Blend liberalism and muscular patriotism to confront Autocracy, Inc.

     

Democracy advocates are not only fighting their own country’s authoritarian regimes, but confront affluent autocratic alliances that act more like a business agglomeration – Autocracy, Inc. – than nation states, according to Pulitzer Prize-winning historian Anne Applebaum.

Opposition movements in states like Venezuela “are fighting against people who control state companies…who can buy sophisticated surveillance technology and who have inured themselves to the feelings and opinions” of their own citizens, she said last night, delivering the 19th annual Seymour Martin Lipset Lecture on Democracy in the World (above), sponsored by the Embassy of Canada and the National Endowment for Democracy (NED).

“There is no natural liberal order,” but there are considerable forces and resources that can be mobilized in its defense. The faults and “historical scars” of democracy are all the more reason to defend them, said Applebaum (right). By “blending liberalism and muscular patriotism,” Ukrainians have “demonstrated that it is possible to be a patriot and a believer in an open society, that a democracy can be stronger and fiercer than its opponents.”
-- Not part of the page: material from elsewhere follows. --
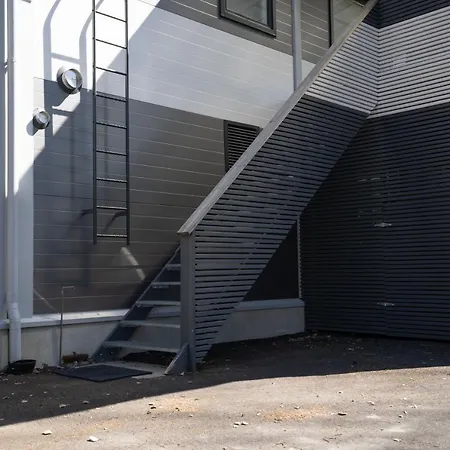 Lejlighedshotel Jm Rally Parc Ferme Rallimuseo *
It may be no more than a “vibe,” but she shared Russian opposition activist Garry Kasparov’s conviction that Ukraine’s resistance has inspired protests from Iran to China.
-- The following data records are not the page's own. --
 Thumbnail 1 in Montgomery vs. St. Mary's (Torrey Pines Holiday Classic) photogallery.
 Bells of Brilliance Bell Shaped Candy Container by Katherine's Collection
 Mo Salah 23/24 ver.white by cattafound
With the revenues generated by the sale of fossil fuels, autocrats in Iran, Russia, and Venezuela can buy and exchange repressive technologies, she observed, while China’s economic resources are translated into political sharp power in institutions like the United Nations and in such states as Turkey which now “echoes Chinese propaganda,” having dropped any pretense of concern over Uyghur human rights in exchange for lucrative investments from Beijing.
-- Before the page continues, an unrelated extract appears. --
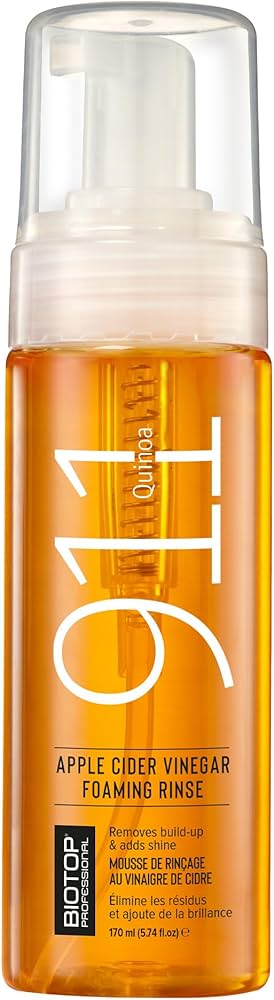 911 Apple Cider Vinegar Foaming Rinse 170 ml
“Money buys impunity,” she added.

NED President Damon Wilson.
Photo Credit: Anne C. Tsai Bennett

Unlike during the Cold War, today’s autocrats are indifferent to their international image or reputation, showing a contempt that fuels what democracy activist Srdja Popovic calls the “Maduro model” of governance. Autocrats who adopt it are “willing to pay the price of becoming a totally failed country, to see their country enter the category of failed states,” gladly accepting economic collapse, isolation, and mass poverty in order to stay in power. Assad has applied the Maduro model in Syria and Lukashenko is prepared to do so in Belarus.

Last year’s Pandora Papers exposed how Western democracies share culpability for facilitating autocratic resurgence and collusion, Applebaum added, aiding kleptocrats by providing tax shelters in the likes of Delaware and Wyoming, while arranging loopholes that allow autocrats to evade sanctions.

The West’s fossil-fuels dependency also empowers authoritarians,  as “every dollar spent on Russian oil helps fund the artillery that fires on Ukrainian civilians,” she said, stressing the opportunity for fresh alliances between climate-change activists and democracy advocates.  

Democratic activists should respond in kind by forging cross-border coalitions to act as conduits for the exchange of good practice on training and advocacy, sharing information and joint lists of legislative proposals for curbing autocratic influence. Networks like the World Movement for Democracy and the Oslo Freedom Forum help to “break the silos,” but we need “more and better” coalitions, she said.

Such mutual learning and collaboration is all the more imperative as the defense of freedom and democracy is the cause of our day, said NED President Damon Wilson (above), introducing the lecture.  

Photo Credit: Anne C. Tsai Bennett

Perhaps autocrats are more collaborative because they recognize their vulnerability and appreciate that the demand for freedom will never expire, Applebaum told Journal of Democracy editor Will Dobson (right). They are also inherently flawed by the lack of internal pluralism and dialog which, in the absence of countervailing or contrary opinions, makes them victims of their own propaganda and ideology.

But the democracies also need to reassess “how we speak to the world” and rethink the media/information business model, she added, blaming “post-Cold War inertia” for the failure to defend and advance liberal democratic ideas.

Nevertheless, Applebaum remained an optimist, not least “because pessimism Is irresponsible and it’s the optimists who will change and fix things.”